Um som seco ecoou quando Feng Xiaochen bateu com força na mesa, assustando a todos, especialmente Muto e Abe. Em quase um mês na China, nunca tinham visto um chinês perder a calma; mesmo quando alguém falava mais alto, outros intervinham para pedir desculpas. Diante daquela explosão, o pânico foi inevitável.

— Sr. Muto, Sr. Abe, respeitamos vocês como amigos estrangeiros e toleramos suas desculpas constantes, mas o que recebemos em troca é essa falta de ética comercial. Se dizem que não houve problemas em Chihe e que não pagaram indenização, então tenham a coragem de assinar esta ata de reunião e assumir a responsabilidade pelo que disseram! — Feng levantou-se, com o rosto carregado de indignação.

Li Li, ao lado, tentou puxá-lo para que se sentasse, querendo repreendê-lo sobre as normas diplomáticas, mas Feng afastou sua mão bruscamente e apontou para os dois japoneses:

— Se assinarem, amanhã mesmo enviaremos representantes ao Japão para processar a Jiulin por má qualidade, fraude e extorsão. Temos provas irrefutáveis. Acredito que a justiça japonesa protegerá os interesses dos consumidores, e a empresa Jiulin sofrerá perdas econômicas e de reputação imensuráveis!

— Não, não, Sr. Diretor Feng, as coisas não chegaram a esse ponto! — Muto, desesperado, levantou-se e começou a curvar-se, explicando freneticamente: — Somos parceiros, não há necessidade de resolver nossas divergências por vias judiciais. O problema das placas anticorrosivas não é tão grave. É verdade, como o senhor disse, que na Usina de Chihe também houve... hum, quero dizer, houve um descolamento de algumas placas. Isso ocorreu porque o grupo gerador deles também passa por ciclos frequentes de partida e parada, o que é idêntico à situação da Usina de Pinghe.

— Você não disse há pouco que as situações eram diferentes? — Feng, de pé, observava Muto com um olhar gélido.

— O que eu disse antes não foi totalmente preciso.

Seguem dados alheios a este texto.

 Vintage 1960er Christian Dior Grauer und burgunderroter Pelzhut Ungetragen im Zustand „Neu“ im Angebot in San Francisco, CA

Peço desculpas a todos.

A essa altura, Muto não tinha escolha senão ceder. Ele não sabia o quanto Feng realmente sabia, mas a ameaça era real. Se as negociações fracassassem e a Usina de Pinghe processasse a Jiulin no Japão, as consequências seriam catastróficas. Com o precedente de Chihe, a Jiulin não conseguiria culpar a Usina de Pinghe, e o resultado do julgamento seria óbvio. O mundo empresarial japonês não era um bloco coeso; empresas concorrentes certamente aproveitariam a queda da Jiulin.

Os geradores da Jiulin tinham boa reputação e, sob uso normal, não deveriam apresentar rachaduras nas placas. Mas o caso de Chihe fora um golpe duro. A análise técnica da empresa revelou que as partidas e paradas frequentes causavam impactos nas palhetas, reduzindo drasticamente a vida útil das placas.

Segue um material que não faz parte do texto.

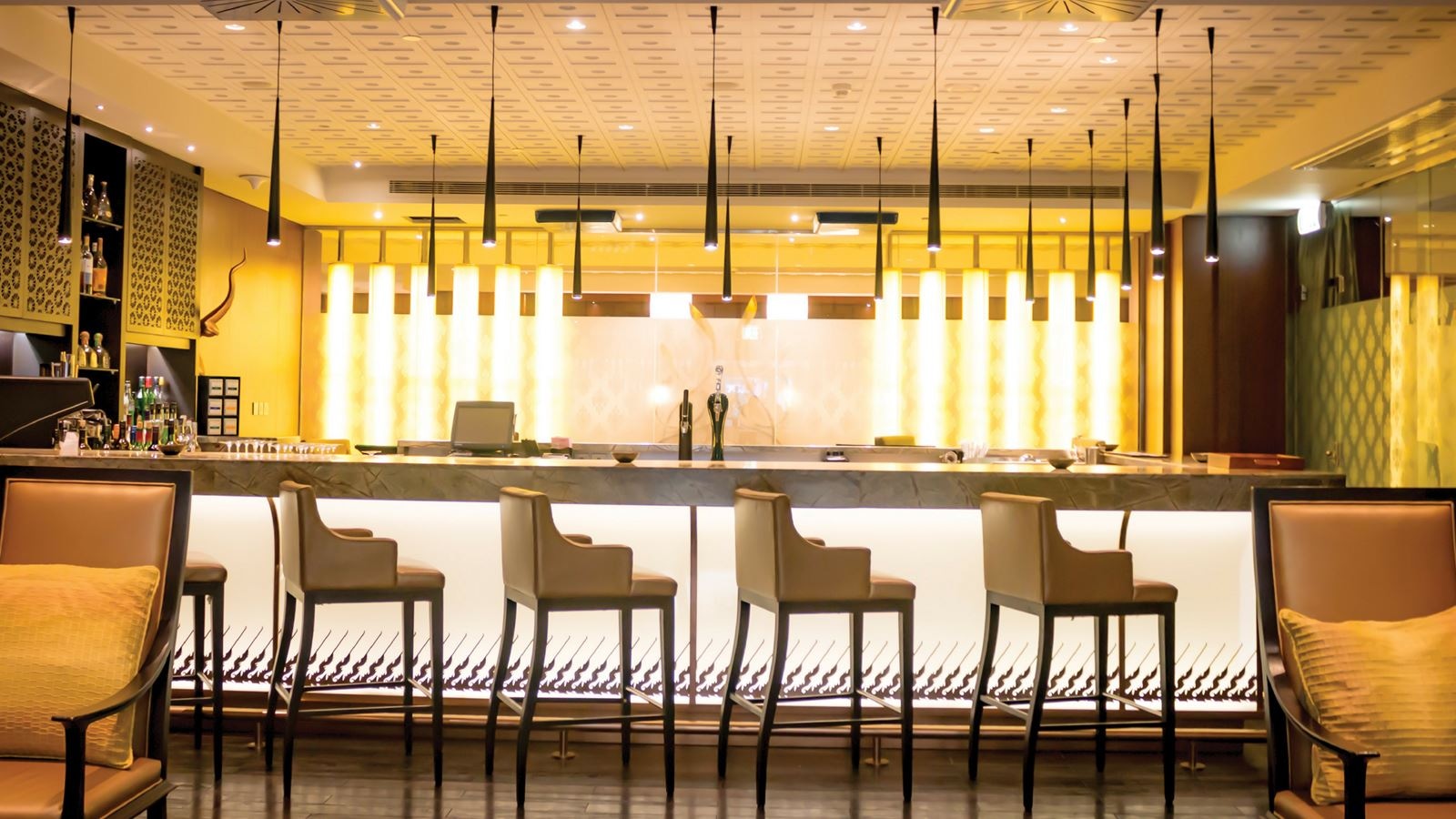 bars-benjarong-lounge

Embora tivessem encontrado a causa, não podiam culpar o usuário. Do ponto de vista do design, termelétricas não devem ser ligadas e desligadas constantemente, mas a demanda da rede varia, e o ajuste de carga é necessário. A Jiulin não podia admitir que seus equipamentos não suportavam essa operação, sob risco de perderem todos os clientes.

A estratégia da Jiulin era abafar o caso de Chihe, pagando uma indenização alta para garantir o silêncio, enquanto buscavam uma solução de design para as placas. Se Pinghe processasse a empresa, o defeito se tornaria público, custando à Jiulin muito mais do que o reparo. Além disso, assinar a ata seria admitir a fraude, tornando a empresa vulnerável em tribunal.

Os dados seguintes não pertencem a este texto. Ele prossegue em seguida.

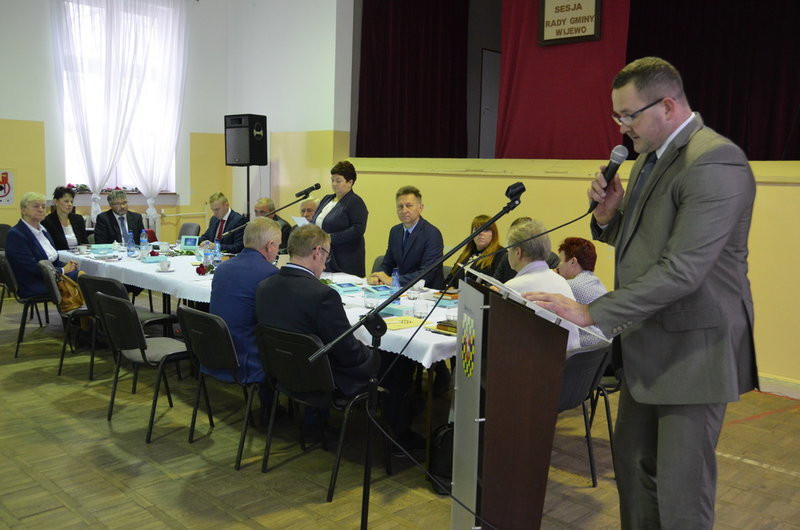 Wijewo: głosowania 8:7 na I sesji Rady Gminy (zdjęcia)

Vendo Muto ceder, Zhao Shuping tocou o braço de Feng para que se sentasse e disse com tom sério:

— Sr. Muto, Sr. Abe, espero que o incidente de hoje tenha sido apenas um episódio desagradável. Se corrigirem sua postura e comportamentos inadequados, podemos esquecer o que aconteceu. O problema das placas é um defeito de design da sua empresa, e esperamos que façam os reparos necessários. Ainda confiamos na tecnologia da Jiulin. Quanto às perdas por atraso, podemos ser flexíveis e não exigir reparação total, mas isso dependerá da velocidade com que vocês realizarem os consertos.